=== PROVIDED ENTRIES ===
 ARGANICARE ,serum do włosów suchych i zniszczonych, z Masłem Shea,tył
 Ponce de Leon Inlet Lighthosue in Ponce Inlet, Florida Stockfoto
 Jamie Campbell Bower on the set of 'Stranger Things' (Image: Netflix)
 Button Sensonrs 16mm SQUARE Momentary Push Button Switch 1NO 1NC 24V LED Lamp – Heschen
===
=== PROVIDED ENTRIES ===
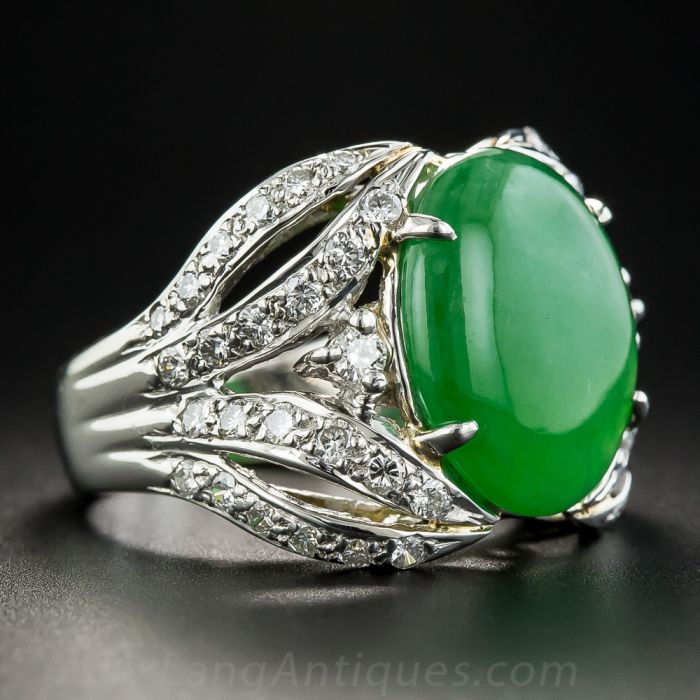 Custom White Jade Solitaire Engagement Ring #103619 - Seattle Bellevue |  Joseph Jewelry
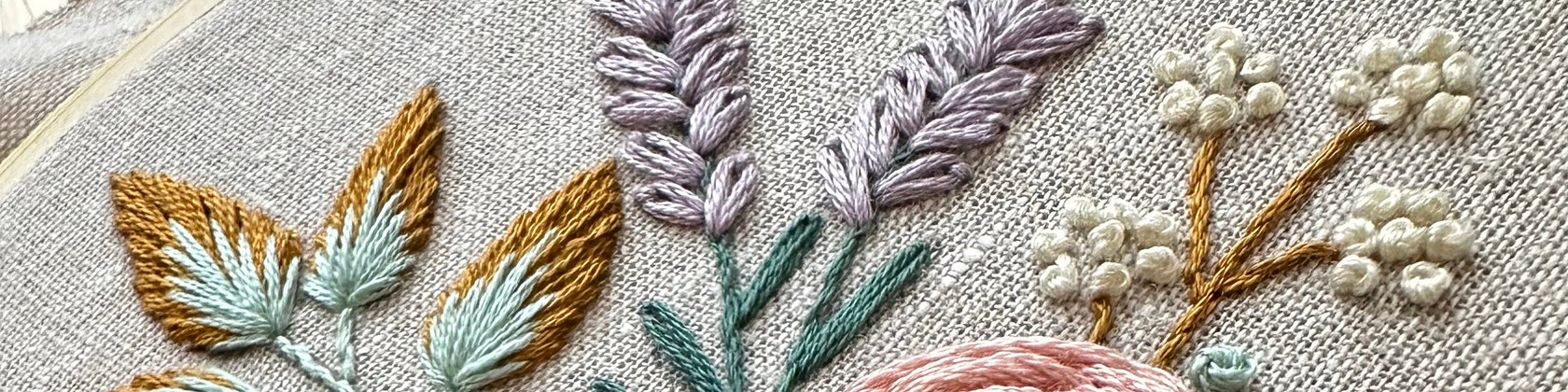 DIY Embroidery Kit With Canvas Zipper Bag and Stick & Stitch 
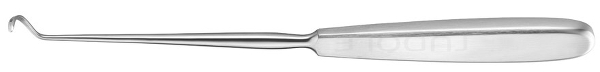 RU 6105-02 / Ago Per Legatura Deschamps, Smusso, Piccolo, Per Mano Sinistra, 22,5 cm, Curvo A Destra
===
=== PROVIDED ENTRIES ===
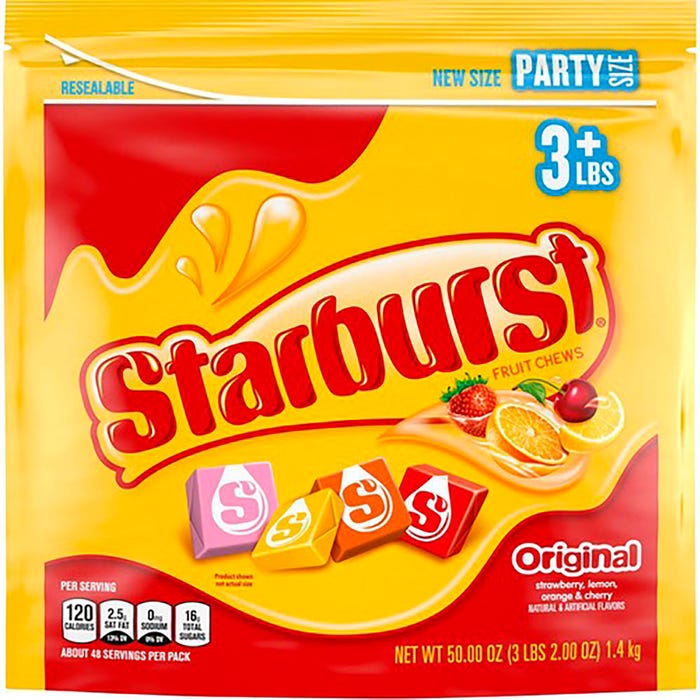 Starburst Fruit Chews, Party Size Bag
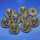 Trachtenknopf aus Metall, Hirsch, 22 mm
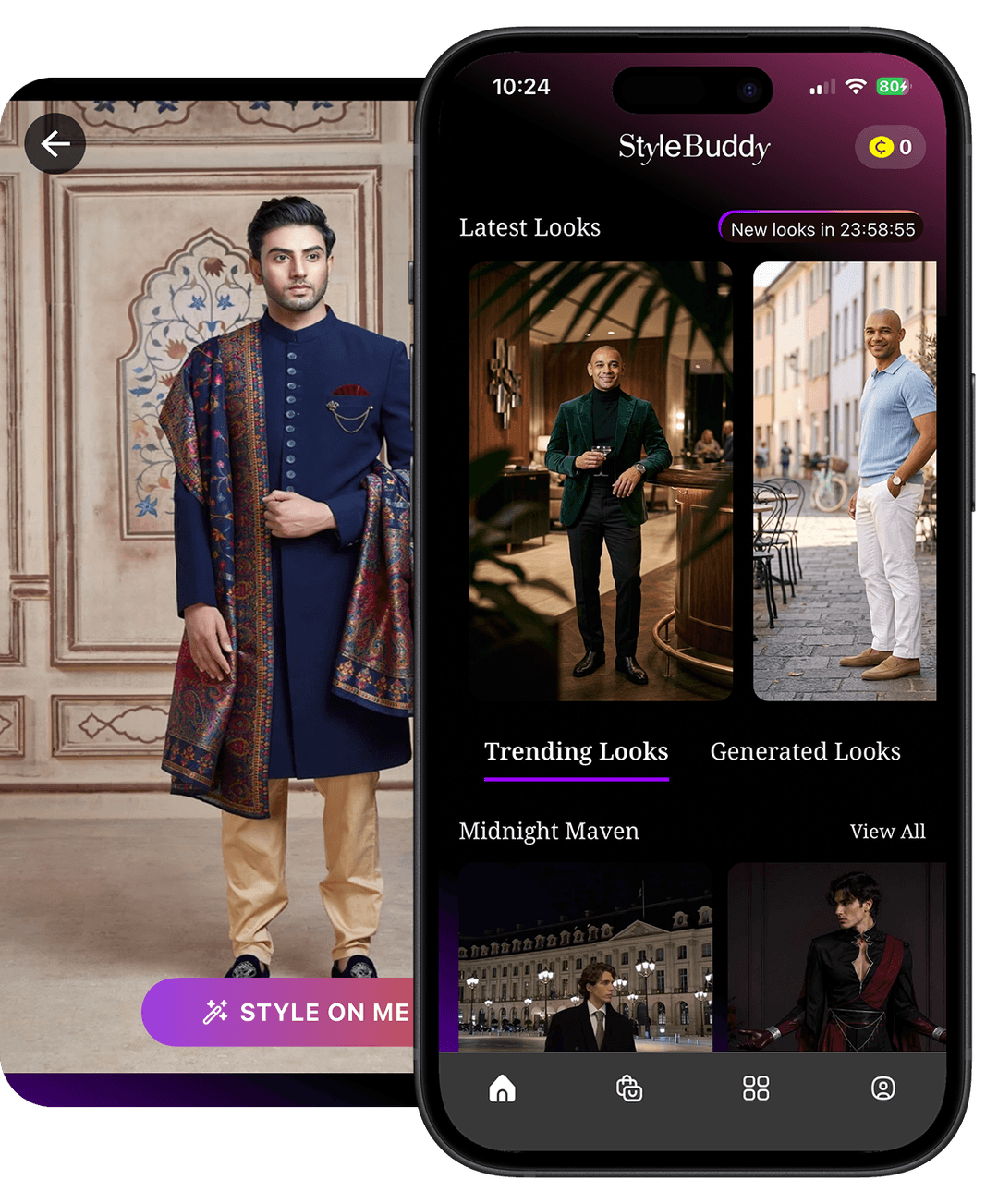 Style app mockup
===
Looking at the data above, write out exactly the lines that start at the one containing "Ponce de Leon" and end at the one containing "Button Sensonrs 16mm"; include both and nothing beyond.

 Ponce de Leon Inlet Lighthosue in Ponce Inlet, Florida Stockfoto
 Jamie Campbell Bower on the set of 'Stranger Things' (Image: Netflix)
 Button Sensonrs 16mm SQUARE Momentary Push Button Switch 1NO 1NC 24V LED Lamp – Heschen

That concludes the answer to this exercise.